Azali, père fondateur ou père-préparateur ? Le père semble bien décidé à s’inscrire dans la durée et pas seul. A ses côtés, le fils omniprésent! Tantô
Azali, père fondateur ou père-préparateur ?
"Un jour mon fils, tout sera à toi"- Mufasa dans le roi lion
Alors que le peuple comorien aspire à plus de justice, de développement et de démocratie, il se retrouve aujourd’hui pris en otage par une gouvernance à deux têtes. Le pays est tranquillement géré par un duo père-fils, comme si l’Etat était une boutique familiale.
On a connu les coups d’Etat, les mercenaires et les présidences express. Oui, dépuis l’indépendance en 1975, l’Union des Comores a connu plusieurs coups d’Etat ou tentatives de renversement. D’Ali Soilih, réformateur socialiste assassiné à 40 ans, à Ahmed Abadallah, restauré au pouvoir par les mercenaires français de Bob Denard, avant de le tuer, à son tour, en 1989. L’archipel a souvent été un laboratoire d’instabilité politique ! Mais là on innove avec une République génétiquement modifiée où le pouvoir se transmet par le sang, pas par les urnes.

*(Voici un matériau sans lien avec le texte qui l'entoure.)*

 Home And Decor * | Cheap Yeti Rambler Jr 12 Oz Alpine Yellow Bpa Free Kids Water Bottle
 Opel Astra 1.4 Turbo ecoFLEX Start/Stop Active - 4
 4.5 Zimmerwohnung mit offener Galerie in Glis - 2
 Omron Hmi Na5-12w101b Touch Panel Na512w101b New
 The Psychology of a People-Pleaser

Le père semble bien décidé à s’inscrire dans la durée et pas seul. A ses côtés, le fils omniprésent! Tantôt Conseiller Privé, tantôt ambassadeur officieux, tantôt ministre sans portefeuille mais avec beaucoup d’influence. Et aujourd’hui, Secrétaire général du gouvernement avec tous les pouvoirs dignes d’un Premier Ministre, si ça n’est pas plus.

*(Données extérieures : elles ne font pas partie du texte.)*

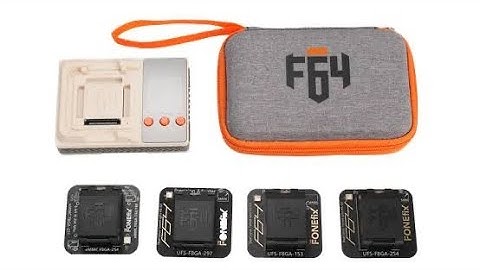 F64 Box New 8/8/2025.  (Flash 64 Box  Ufs Emcp Emmc programming )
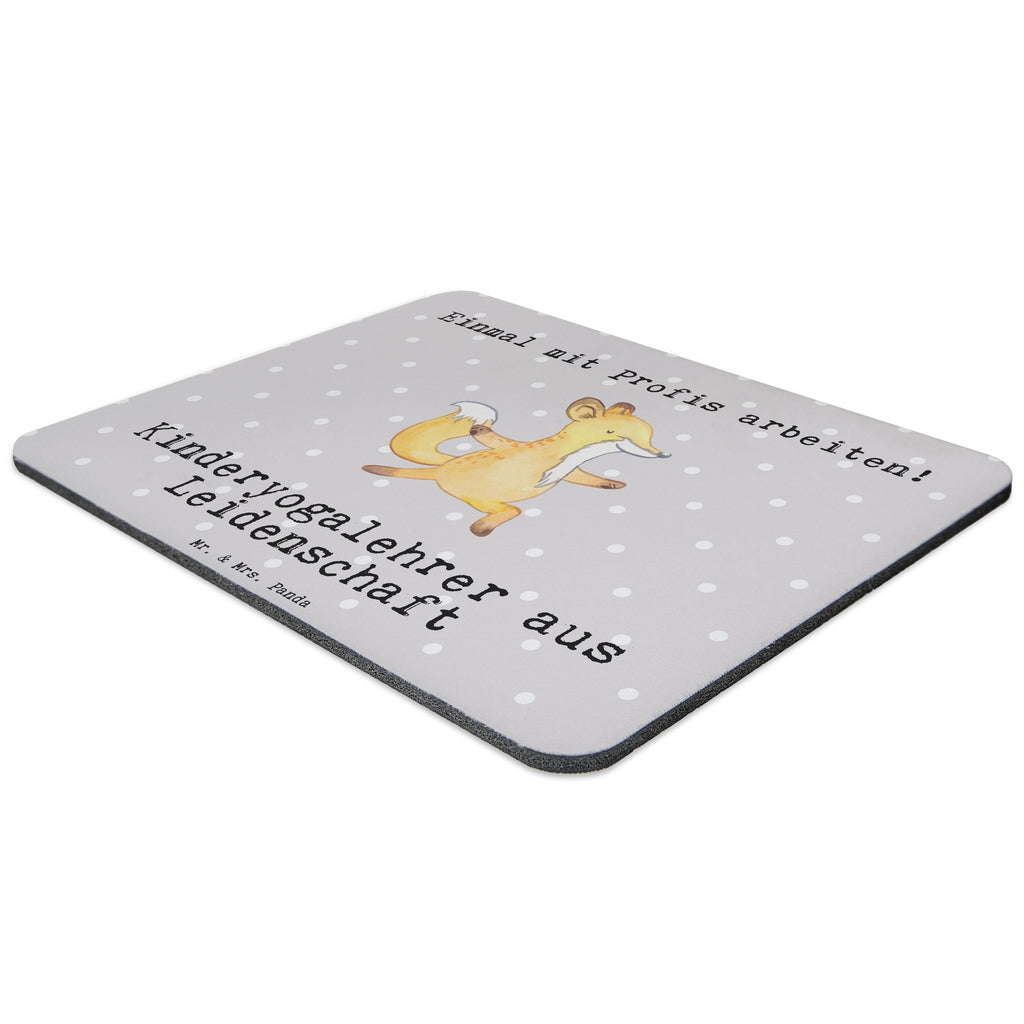 Mauspad Kinderyogalehrer aus Leidenschaft Mousepad, Computer zubehör, Büroausstattung, PC Zubehör, Arbeitszimmer, Mauspad, Einzigartiges Mauspad, Designer Mauspad, Beruf, Ausbildung, Jubiläum, Abschied, Rente, Kollege, Kollegin, Geschenk, Schenken, Arbeitskollege, Mitarbeiter, Firma, Danke, Dankeschön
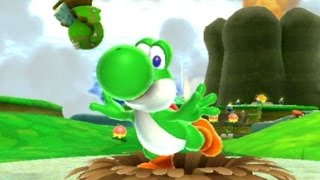 Super Mario Galaxy 2 - 100% Walkthrough Part 2 - Yoshi Star and Flip-Swap Galaxy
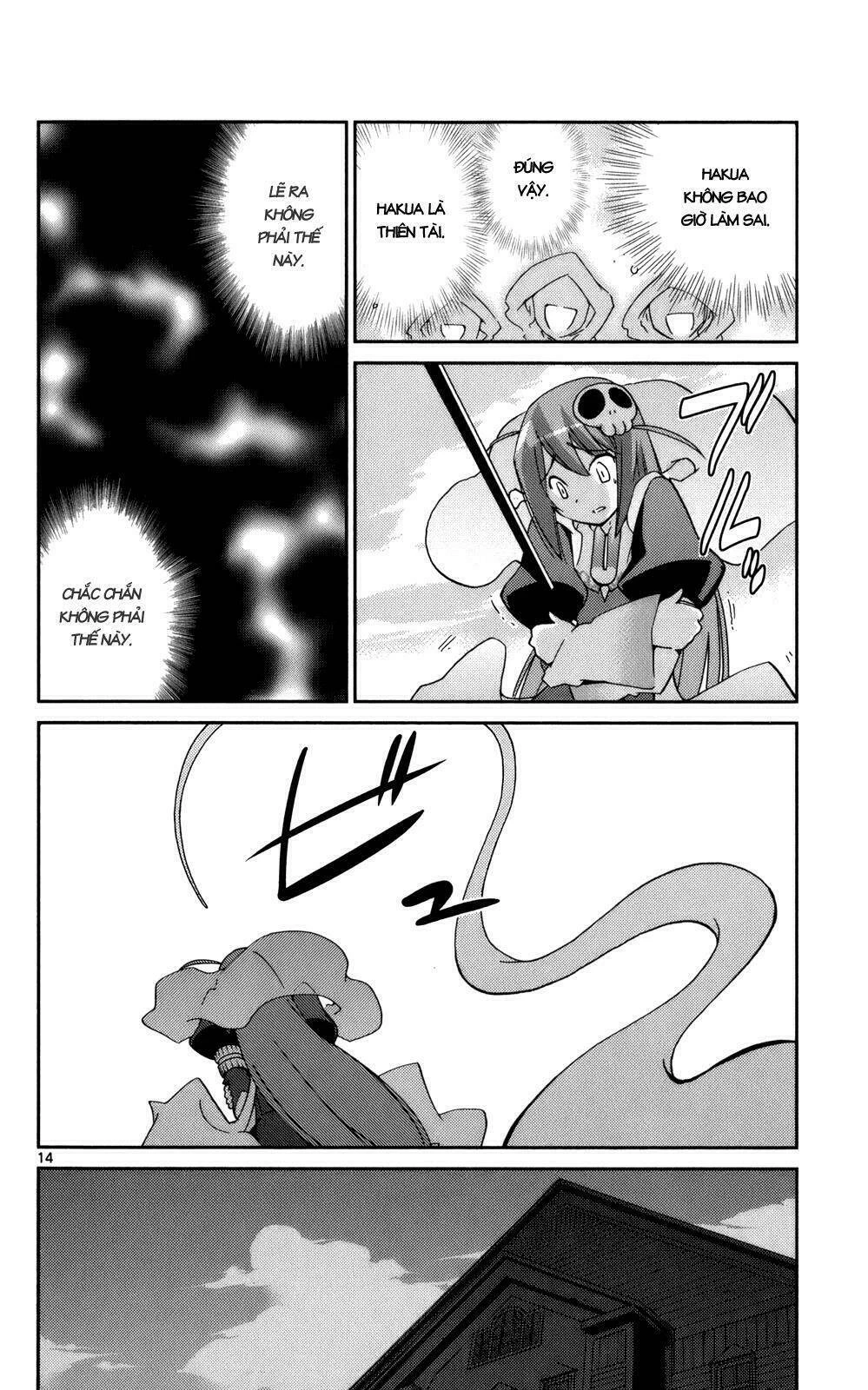 Thế giới chỉ có Thánh thần biết Chapter 25 - 13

Une montée en puissance savamment orchestrée, avec l’enthousiasme modéré d’une population lucide, qui a vu bien des régimes défiler. L’idée est simple et consiste à faire passer la gouvernance d’une génération à l’autre, sans passer par le vote. Un peu comme une entreprise familiale, mais avec un drapeau, un hymne, une armée et les impôts des citoyens comme trésorerie. En d’autres mots, on garde le pouvoir dans la famille, mais on vous sourit pendant qu’on le fait.
A défaut de putschs spectaculaires, nous voilà désormais face à un autre type de capture de pouvoir. Ce duo familial, devenu l’axe central de toutes les décisions politiques, économiques et même sécuritaires du pays, incarne une dérive dangereuse, à savoir, la privatisation de l’Etat. Là où la Constitution prévoit la séparation des pouvoirs, la complémentarité entre les institutions et la représentativité du peuple, nous assistons à une mise en scène bien orchestrée d’un pouvoir bicéphale fondé non pas sur le mérite ou la légitimité populaire, mais sur les liens du sang.
Or, l’histoire nous enseigne qu’aucune nation ne prospère durablement sous un pouvoir concentré, fut-il exercé par deux esprits prétendument brillants. Dans un pays qui se veut démocratique, la concentration du pouvoir entre les mains de deux individus est non seulement une anomalie, mais un danger pour l’équilibre institutionnel et le respect de la volonté populaire.
L’Union des Comores n’est pas une monarchie et encore moins un bien familial. Le peuple comorien mérite une gouvernance fondée sur la compétence, la transparence et la justice.
Dans cet environnement tendu, certains partisans du pouvoir adoptent un rôle ambigu. Souvent animés par le souci de ne pas s’exposer, ou par la volonté de préserver leurs avantages, ils publient des textes moralisateurs où l’ironie sert de bouclier.
Séduisants sur la forme, ces écrits visent surtout à délégitimer les critiques souvent constructives, je dis bien les critiques (ce qui n’a rien à voir avec les diffamations et autres insultes personnelles), en les présentant comme irrésponsables ou excessives. Sous couvert de sagesse et de hauteur intellectuelle, ils contribuent à normaliser les dérives du pouvoir et donnent à celui-ci un vernis de respectabilité.